Le dérèglement dont parle Amin Maalouf dans son dernier ouvrage, c’est celui qui préside aux relations entre l’Occident et le monde arabe depuis la fin de la Première Guerre mondiale. Libanais d’origine vivant en France, l’auteur joue ici les intercesseurs entre deux univers que tout semble opposer.
Pour lui, l’Occident vit actuellement une profonde crise identitaire provoquée par la faillite de son système économique, la débâcle environnementale, conséquence de ses modes de vie, et surtout par son incapacité à régler ses rapports avec le reste du monde sur les valeurs dont il se réclame. Dans ses entreprises colonisatrices, dans ses guerres dites de libération menées sous couvert d’exporter la civilisation et la démocratie, l’Occident n’a fait que piller les ressources locales et traiter en subalternes les peuples qu’il prétendait « sauver ». Si bien que, pour utiliser un euphémisme, son crédit moral est aujourd’hui au plus bas dans le monde arabe.

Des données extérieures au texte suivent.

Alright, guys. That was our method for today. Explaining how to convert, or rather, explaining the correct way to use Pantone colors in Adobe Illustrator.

Pour expliquer l’état d’esprit actuel du monde islamique, Maalouf retrace la genèse du nationalisme arabe. Avec une clarté remarquable, il nous explique comment l’idéal du panarabisme laïc du siècle dernier est devenu l’islamisme guerrier que l’on connaît aujourd’hui. Fayçal floué par les Anglais lors du traité de Versailles en 1919, Mossadegh chassé de la présidence iranienne en 1953 par les grandes pétrolières, Saddam Hussein renversé par les Américains en 2004, autant d’événements qui mettent en lumière l’arrogance d’un Occident prompt à manipuler les gouvernements des nations arabes au gré de ses intérêts. Battu et humilié, le monde arabe s’est enfoncé de plus en plus dans l’amertume et le désespoir jusqu’à pratiquer aujourd’hui, selon Maalouf, une politique proprement suicidaire.

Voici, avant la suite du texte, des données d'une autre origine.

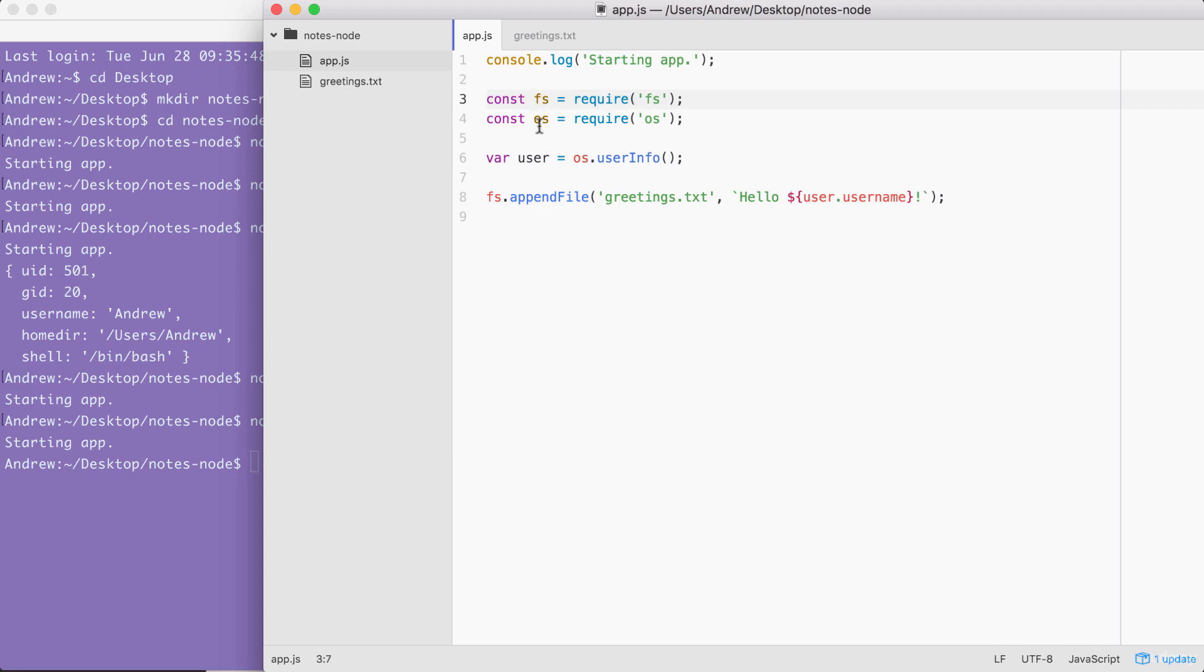We loaded them in using require and we stored the module results inside of two variables. These variables store everything available to us from the module. In the case of fs, we used the appendFile method. And in the case of os, we used the userInfo method. Together, we were able to grab the username and save it into a file, which is fantastic.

Brillant quand il s’agit de diagnostiquer l’origine des frictions entre l’Occident et le monde arabe, l’auteur est moins convaincant quand il avance des solutions pour rapprocher les deux univers. Fonder ses espoirs sur les progrès scientifiques, sur le décollage des économies asiatiques, sur la construction de l’Europe ou sur la transformation des idéaux de l’Occident sous l’égide d’un leader charismatique comme Obama, paraît un peu court, voire un brin naïf. Toutefois, il est plus convaincant quand il défend la nécessité pour les nations d’accueil de se doter de politiques d’intégration des immigrants qui rejettent tout communautarisme religieux, à l’origine selon lui de toutes les intolérances. Même si son discours est politique, Le dérèglement du monde n’est pas le livre d’un politologue, mais plutôt la réflexion éclairée d’un humaniste qui assume pleinement sa double appartenance culturelle.